Thursday, August 4, 2011

The Early Detection and Prevention of Lymphedema

I'm very glad to see more research being done on lymphedema. In our cancer care system, at least, there's very little attention paid to it (in my experience) and yet I know and hear of massage therapists who specialize in lymphatic massage say they can usually prevent the condition from developing if they are able to work with someone at risk within a few weeks of their surgery and/or radiation treatments. Because of the loss of quality of life (and interference with employment, too, for example) and the medical costs of dealing with what can be irreversible, you would think our health systems would put a little more emphasis on including early detection and prevention as part of breast cancer treatment protocols.

With that in mind, I am really glad to see this report.

Please follow the link to download the report on lymphedema.

"Lymphedema is a painful arm swelling caused by lymphatic fluid accumulation. It is most commonly associated with axillary lymph node dissection, but can be caused by any treatment which damages the lymphatic system. It is universally recognized that early detection and treatment yields the best results.

Yesterday, an expert panel convened by the Avon Foundation for Women, the Lymphatic Research Foundation and the National Lymphatic Network issued a white paper on lymphedema detection and care.
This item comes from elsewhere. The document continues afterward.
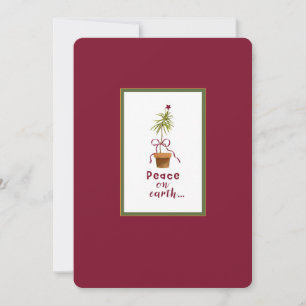 Peace on Earth Holiday Card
Both the white paper and a PR Newswire press release may be found on the axillary lymph node dissection page of our website.

Typically, lymphedema is not detected until discomfort is present or swelling is visible. The white paper reviews the recent research and recommends pre-treatment baseline measurement and continuous monitoring post-treatment to detect lymphedema before visible swelling and discomfort. This is a novel recommendation. For example, the National Cancer Institute publishes a comprehensive summary of lymphedema (link), but the only preventative measure suggested is notifying your doctor if you notice signs of lymphedema such as discomfort and swelling.

In addition to early detection, the benefits of physical therapy, weight bearing exercise the compression sleeves are also discussed in the paper.

Breast cancer patients facing surgery or radiation may want to print the white paper and/or press release and discuss baseline measurements, post-treatment monitoring, exercise, compression sleeves and other lymphedema prevention techniques with their doctors. With proper monitoring, lymphedema may be detected and treated before obvious symptoms appear.